+++ Provided records

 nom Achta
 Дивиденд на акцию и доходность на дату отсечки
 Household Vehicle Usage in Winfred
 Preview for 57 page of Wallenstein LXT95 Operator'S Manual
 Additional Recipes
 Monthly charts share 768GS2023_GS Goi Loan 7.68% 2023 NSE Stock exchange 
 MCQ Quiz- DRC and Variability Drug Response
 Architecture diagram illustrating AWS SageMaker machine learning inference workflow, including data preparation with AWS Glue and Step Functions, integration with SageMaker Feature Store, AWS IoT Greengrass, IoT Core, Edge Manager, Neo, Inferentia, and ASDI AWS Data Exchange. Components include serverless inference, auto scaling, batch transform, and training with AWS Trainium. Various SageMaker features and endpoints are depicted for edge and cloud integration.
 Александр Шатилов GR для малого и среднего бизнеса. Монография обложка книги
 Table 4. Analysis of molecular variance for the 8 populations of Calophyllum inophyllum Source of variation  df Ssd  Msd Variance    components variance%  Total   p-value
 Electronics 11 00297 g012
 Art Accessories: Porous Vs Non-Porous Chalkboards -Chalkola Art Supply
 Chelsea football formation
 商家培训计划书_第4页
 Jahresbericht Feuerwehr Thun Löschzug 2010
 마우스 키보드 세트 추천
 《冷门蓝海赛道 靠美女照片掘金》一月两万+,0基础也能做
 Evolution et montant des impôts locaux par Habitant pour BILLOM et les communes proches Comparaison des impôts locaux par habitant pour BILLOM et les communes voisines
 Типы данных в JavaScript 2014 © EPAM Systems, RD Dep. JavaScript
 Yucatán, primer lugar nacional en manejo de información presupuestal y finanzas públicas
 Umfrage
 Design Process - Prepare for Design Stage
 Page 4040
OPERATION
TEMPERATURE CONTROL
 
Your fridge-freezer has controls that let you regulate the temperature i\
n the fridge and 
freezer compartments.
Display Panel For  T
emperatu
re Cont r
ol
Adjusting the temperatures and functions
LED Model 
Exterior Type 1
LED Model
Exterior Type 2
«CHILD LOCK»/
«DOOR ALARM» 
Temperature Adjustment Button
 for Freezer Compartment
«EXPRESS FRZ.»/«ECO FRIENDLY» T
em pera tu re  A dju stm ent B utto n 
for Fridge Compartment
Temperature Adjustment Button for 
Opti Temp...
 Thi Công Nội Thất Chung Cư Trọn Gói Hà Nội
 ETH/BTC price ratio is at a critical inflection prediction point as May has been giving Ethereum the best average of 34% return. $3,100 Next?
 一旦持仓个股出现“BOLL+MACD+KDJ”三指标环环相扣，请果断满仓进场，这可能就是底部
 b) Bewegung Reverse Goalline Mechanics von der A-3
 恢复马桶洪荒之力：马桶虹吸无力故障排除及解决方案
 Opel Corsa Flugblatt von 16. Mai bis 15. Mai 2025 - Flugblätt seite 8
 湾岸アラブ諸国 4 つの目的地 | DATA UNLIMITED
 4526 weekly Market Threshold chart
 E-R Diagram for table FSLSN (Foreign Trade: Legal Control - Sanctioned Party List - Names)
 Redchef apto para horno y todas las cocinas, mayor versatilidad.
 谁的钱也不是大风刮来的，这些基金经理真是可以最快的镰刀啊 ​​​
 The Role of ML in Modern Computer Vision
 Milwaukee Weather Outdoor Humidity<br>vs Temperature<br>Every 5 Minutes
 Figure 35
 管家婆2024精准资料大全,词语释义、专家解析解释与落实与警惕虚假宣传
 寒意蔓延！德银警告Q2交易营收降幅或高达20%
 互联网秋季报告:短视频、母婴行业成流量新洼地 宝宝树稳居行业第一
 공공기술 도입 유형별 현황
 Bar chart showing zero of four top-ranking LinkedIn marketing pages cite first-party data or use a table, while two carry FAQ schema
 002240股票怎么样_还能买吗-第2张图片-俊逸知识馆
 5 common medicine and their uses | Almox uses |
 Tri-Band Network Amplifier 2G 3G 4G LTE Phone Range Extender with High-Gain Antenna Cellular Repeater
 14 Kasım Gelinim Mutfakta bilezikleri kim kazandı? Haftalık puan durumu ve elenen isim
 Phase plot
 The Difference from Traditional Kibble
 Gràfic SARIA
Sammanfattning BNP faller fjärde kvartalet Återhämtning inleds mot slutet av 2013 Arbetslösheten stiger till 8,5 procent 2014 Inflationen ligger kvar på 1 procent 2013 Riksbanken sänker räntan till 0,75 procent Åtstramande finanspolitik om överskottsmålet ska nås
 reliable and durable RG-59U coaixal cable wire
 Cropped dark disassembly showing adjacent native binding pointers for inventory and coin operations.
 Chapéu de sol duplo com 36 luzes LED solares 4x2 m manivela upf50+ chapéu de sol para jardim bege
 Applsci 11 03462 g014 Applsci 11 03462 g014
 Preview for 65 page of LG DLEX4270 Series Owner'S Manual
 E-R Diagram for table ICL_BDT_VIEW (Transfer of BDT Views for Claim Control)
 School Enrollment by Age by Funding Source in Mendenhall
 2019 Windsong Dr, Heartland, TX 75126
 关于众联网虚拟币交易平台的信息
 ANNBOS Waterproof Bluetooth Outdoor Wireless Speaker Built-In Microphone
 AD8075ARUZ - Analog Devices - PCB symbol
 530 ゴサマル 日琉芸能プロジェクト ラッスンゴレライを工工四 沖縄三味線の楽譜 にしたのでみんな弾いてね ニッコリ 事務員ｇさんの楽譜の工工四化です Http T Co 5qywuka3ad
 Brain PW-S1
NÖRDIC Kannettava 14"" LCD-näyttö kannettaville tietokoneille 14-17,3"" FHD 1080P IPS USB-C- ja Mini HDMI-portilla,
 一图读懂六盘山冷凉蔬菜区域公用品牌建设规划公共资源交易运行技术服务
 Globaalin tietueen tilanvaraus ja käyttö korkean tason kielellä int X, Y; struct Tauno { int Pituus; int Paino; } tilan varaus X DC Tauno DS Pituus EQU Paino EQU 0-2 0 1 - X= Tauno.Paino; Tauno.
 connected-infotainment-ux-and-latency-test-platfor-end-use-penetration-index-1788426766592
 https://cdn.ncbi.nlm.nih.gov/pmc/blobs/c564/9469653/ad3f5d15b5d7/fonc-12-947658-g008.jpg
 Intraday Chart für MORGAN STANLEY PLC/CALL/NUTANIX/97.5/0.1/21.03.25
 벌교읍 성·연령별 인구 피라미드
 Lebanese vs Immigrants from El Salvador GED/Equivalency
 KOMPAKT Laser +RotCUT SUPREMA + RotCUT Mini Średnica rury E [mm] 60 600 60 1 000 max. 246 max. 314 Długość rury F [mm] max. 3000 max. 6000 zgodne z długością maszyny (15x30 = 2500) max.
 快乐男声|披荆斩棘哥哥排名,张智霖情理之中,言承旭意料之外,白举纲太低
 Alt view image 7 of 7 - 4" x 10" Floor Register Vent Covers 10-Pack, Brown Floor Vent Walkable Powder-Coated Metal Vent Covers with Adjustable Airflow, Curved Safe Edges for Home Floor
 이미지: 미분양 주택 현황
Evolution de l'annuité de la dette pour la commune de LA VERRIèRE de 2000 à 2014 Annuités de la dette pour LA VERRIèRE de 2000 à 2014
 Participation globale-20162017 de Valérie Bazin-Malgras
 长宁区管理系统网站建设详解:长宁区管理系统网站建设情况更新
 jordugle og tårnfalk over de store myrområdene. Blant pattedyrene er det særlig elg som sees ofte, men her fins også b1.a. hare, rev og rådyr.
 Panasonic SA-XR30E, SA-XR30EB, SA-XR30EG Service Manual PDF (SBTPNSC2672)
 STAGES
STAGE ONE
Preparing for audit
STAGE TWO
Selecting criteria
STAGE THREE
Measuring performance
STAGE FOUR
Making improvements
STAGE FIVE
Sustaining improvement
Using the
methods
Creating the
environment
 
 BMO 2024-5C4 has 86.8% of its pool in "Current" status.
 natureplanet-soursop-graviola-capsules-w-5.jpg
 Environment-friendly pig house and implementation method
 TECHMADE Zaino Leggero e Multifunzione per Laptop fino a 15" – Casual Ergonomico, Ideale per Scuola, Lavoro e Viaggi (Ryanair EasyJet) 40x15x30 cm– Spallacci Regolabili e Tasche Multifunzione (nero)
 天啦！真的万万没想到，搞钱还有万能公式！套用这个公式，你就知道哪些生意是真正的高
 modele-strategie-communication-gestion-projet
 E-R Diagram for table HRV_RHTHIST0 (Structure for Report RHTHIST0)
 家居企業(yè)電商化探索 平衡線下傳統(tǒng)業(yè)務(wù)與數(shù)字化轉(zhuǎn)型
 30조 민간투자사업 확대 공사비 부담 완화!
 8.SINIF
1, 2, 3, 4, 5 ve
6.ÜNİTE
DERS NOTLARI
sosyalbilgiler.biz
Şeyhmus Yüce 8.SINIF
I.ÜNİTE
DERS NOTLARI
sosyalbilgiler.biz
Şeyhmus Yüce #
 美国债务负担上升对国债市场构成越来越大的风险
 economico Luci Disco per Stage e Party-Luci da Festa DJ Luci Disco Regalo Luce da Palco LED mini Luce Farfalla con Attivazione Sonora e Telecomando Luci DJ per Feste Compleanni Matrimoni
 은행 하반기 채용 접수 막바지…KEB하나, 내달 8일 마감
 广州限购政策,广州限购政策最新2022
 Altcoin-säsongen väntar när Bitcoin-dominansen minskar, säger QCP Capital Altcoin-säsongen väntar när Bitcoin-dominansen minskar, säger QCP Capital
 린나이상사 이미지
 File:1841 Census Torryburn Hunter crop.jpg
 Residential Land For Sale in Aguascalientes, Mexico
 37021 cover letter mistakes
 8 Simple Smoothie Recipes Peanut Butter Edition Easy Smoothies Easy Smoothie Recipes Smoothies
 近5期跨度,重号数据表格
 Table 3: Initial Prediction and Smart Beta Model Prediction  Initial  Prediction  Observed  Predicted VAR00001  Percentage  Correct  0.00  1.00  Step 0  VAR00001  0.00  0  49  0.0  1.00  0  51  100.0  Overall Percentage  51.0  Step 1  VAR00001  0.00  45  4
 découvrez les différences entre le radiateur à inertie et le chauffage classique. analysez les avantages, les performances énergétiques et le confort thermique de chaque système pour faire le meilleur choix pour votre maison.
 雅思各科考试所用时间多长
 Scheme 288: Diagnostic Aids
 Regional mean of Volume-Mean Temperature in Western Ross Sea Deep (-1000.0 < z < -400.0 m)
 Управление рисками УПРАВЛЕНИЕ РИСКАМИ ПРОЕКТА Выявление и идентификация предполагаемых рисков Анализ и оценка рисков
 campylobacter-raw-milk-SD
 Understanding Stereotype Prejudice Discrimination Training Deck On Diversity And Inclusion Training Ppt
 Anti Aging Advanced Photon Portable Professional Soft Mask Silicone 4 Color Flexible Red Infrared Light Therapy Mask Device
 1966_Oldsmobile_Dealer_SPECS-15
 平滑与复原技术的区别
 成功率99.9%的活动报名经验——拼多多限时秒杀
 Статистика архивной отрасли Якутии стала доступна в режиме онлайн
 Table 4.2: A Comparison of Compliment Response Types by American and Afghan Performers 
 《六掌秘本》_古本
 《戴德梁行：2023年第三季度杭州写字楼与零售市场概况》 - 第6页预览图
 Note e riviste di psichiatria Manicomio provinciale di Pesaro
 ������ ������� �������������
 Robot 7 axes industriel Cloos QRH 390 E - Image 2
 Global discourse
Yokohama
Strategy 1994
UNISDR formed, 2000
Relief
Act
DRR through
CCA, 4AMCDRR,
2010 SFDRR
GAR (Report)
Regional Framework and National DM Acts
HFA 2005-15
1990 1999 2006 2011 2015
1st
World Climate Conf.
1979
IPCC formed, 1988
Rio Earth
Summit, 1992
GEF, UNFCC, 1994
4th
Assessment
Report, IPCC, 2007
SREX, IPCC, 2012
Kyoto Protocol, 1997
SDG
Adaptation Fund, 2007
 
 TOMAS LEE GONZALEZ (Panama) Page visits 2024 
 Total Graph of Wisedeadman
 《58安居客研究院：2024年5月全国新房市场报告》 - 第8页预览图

++++++

◆ Task objective ◆
The result should consist solely of the lines from the one that contains "IPCC formed, 1988" to the last line of the records above, reproduced exactly.

◆ Solution below ◆
IPCC formed, 1988
Rio Earth
Summit, 1992
GEF, UNFCC, 1994
4th
Assessment
Report, IPCC, 2007
SREX, IPCC, 2012
Kyoto Protocol, 1997
SDG
Adaptation Fund, 2007
 
 TOMAS LEE GONZALEZ (Panama) Page visits 2024 
 Total Graph of Wisedeadman
 《58安居客研究院：2024年5月全国新房市场报告》 - 第8页预览图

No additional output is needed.